*** Begin section ***

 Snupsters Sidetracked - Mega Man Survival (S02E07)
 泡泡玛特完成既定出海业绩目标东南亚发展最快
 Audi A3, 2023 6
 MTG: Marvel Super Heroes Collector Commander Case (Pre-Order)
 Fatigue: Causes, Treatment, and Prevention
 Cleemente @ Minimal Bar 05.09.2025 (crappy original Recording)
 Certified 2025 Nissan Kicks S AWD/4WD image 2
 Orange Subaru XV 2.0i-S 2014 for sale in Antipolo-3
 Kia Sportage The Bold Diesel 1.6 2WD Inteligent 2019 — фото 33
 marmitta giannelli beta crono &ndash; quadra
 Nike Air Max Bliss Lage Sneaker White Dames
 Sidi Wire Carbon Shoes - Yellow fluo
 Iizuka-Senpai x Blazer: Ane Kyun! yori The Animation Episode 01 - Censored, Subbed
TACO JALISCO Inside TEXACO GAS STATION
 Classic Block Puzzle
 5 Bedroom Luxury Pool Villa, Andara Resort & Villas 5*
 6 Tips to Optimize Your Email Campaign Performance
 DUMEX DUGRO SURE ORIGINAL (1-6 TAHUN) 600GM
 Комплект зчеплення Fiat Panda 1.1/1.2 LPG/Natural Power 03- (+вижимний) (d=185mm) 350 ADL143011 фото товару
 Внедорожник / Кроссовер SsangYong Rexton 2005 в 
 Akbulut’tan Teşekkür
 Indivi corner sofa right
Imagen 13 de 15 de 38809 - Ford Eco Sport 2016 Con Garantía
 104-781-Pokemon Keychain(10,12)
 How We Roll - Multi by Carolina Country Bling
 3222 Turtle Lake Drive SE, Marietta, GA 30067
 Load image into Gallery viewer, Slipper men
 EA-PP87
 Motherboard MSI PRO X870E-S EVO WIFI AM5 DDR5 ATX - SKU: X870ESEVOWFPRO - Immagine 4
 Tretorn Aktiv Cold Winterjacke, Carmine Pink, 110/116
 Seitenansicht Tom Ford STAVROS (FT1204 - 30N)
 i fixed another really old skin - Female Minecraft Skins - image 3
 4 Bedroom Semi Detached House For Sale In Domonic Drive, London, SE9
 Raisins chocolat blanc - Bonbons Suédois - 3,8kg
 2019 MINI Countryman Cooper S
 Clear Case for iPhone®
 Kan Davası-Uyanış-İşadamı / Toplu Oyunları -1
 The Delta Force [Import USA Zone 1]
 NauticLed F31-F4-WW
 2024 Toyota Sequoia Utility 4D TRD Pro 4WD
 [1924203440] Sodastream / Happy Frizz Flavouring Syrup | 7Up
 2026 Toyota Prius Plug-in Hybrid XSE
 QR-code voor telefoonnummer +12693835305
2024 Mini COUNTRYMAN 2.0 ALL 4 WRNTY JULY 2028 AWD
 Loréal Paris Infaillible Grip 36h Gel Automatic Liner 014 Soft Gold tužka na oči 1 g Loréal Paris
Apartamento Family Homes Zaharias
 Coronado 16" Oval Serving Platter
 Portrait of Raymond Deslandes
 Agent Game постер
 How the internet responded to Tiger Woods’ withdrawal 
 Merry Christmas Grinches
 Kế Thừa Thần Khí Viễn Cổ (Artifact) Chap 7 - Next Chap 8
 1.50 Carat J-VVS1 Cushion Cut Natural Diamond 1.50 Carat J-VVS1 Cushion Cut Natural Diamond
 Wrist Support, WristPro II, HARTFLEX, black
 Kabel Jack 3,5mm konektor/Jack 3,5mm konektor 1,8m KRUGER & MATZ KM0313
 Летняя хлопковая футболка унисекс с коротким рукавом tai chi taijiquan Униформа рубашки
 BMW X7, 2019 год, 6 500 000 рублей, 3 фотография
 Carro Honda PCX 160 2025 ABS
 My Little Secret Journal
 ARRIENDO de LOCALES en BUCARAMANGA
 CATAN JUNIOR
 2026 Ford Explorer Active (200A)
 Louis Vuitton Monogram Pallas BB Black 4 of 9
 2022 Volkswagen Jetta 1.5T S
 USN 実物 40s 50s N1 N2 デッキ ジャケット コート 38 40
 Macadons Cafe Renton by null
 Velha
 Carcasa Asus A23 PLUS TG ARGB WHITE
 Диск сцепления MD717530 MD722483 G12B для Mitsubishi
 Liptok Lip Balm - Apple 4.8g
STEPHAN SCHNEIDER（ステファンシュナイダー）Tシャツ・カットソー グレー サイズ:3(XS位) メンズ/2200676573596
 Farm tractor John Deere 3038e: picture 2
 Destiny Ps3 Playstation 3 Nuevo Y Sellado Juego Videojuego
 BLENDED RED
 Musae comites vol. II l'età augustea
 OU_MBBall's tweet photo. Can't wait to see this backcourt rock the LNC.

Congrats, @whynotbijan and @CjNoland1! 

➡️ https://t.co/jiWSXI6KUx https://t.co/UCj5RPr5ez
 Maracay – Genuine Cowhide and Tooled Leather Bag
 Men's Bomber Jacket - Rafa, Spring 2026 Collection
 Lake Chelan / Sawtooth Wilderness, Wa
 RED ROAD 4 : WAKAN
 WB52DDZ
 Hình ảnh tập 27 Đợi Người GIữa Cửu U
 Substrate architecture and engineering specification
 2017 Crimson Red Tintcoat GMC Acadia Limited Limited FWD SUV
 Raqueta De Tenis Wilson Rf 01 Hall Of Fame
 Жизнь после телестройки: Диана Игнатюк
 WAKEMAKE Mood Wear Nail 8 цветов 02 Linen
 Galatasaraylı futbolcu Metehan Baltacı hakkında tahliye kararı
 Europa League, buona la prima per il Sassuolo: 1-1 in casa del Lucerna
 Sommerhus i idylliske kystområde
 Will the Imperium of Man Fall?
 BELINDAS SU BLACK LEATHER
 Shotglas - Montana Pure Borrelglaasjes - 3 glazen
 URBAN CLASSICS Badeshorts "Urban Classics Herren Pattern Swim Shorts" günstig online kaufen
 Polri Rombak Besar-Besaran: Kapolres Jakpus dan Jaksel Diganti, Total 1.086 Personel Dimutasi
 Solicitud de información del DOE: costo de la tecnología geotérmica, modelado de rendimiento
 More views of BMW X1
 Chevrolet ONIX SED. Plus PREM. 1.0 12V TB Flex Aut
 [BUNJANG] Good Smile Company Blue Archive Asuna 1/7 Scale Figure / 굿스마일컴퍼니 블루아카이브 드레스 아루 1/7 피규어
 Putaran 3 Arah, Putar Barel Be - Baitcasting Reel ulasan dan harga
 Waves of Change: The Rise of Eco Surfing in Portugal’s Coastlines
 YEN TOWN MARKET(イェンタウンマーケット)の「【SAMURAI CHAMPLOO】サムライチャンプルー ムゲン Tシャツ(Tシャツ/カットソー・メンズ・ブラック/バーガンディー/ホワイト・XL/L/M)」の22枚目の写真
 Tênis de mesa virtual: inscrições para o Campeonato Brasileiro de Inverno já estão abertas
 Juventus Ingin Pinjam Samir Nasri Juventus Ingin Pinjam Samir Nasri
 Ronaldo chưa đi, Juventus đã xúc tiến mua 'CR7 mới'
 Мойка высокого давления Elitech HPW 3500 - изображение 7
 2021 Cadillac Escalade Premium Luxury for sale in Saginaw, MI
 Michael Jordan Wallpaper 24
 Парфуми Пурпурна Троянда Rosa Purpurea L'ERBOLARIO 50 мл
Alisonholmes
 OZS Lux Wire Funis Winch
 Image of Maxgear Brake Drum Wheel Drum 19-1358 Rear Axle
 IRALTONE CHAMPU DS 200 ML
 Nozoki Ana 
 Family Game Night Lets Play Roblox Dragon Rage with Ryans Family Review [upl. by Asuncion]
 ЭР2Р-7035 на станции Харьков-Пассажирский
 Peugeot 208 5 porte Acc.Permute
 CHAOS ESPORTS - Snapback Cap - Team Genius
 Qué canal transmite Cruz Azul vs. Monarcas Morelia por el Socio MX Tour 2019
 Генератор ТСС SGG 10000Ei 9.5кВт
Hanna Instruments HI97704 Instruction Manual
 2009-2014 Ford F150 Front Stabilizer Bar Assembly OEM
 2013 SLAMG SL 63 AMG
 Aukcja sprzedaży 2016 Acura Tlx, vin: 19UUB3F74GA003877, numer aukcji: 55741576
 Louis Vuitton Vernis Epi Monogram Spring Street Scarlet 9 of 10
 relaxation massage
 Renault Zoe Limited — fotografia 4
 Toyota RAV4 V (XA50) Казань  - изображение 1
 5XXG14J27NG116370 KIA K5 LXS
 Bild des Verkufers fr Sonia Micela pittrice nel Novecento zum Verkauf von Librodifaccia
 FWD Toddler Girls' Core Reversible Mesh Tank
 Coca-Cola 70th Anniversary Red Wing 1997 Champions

*** End section ***

*WHAT IS REQUIRED*
Counting only lines that contain the string "Tシャツ", how many are there in the data above? Give the number alone.

*WRITTEN RESPONSE*
2